In 2017, Cefic together with 28 other organizations from the industry, academia and NGO community signed the European Bioeconomy Stakeholders Manifesto, which presents the opportunities and challenges of developing a bioeconomy. One of the key recommendations to the EU and member state authorities is to stimulate market demand for renewable and resource-efficient products in order to further develop bioeconomy in the EU. The Manifesto also stressed the importance of making the shift towards a “circular bioeconomy”, meaning that only waste and residues that can’t be recycled or reused should be used for incineration with energy recovery. Primary resources should be kept in the loop for as long as possible.

From your perspective of CEO of a big chemical company and President of CEFIC, what are the main political measures do you think are needed to unleash all the potential of the circular bioeconomy in Europe?
Circular Economy is one of the biggest market opportunities that can help deliver on the UN Sustainable Development Goals. Giving value to wasted materials is not only beneficial for the environment, but it also creates new jobs, spurs economic growth and responds to the call from society for more responsible production and consumption patterns. The chemical industry plays a key role in enabling both circular and bio-economy as it provides solutions and technologies for recycling and reuse as well as for the use of renewable resources.

The existing policy framework still needs to be adapted to help create successful business models based on the circularity principle to achieve the ambition of EU governments to move Europe towards a more low-carbon and circular economy.

Most of the existing policy frameworks operate under the linear economy principles, which slows down the development of circular value chains.

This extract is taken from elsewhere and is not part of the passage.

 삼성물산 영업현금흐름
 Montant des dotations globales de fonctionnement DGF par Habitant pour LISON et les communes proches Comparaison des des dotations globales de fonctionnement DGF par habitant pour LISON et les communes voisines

It is important to implement a cross-sectoral and coordinated approach to ensure that all relevant EU policies (e.g. chemicals, waste, product policies) are based on the circular economy principles. For example, the harmonization of waste policies at EU level and the creation of a Single market of materials where resources (materials, substances) can be easily transported, traded and used will significantly accelerate recycling along the value chain.

Europe needs also a progressive environment to overcome the innovation ‘valley of death’ and bridge the gap from research to the marketplace. This should be done through joint public-private partnerships.

Furthermore, a fit-for-purpose information system on chemicals in products needs to be improved. For example, communication in the value chain about the substances in products: this will help ensure that all actors of the value chain are aware about the presence of chemical substances in the end product and can pass the information on to a recycler. This system will help recyclers remove problematic substances from waste before recycling.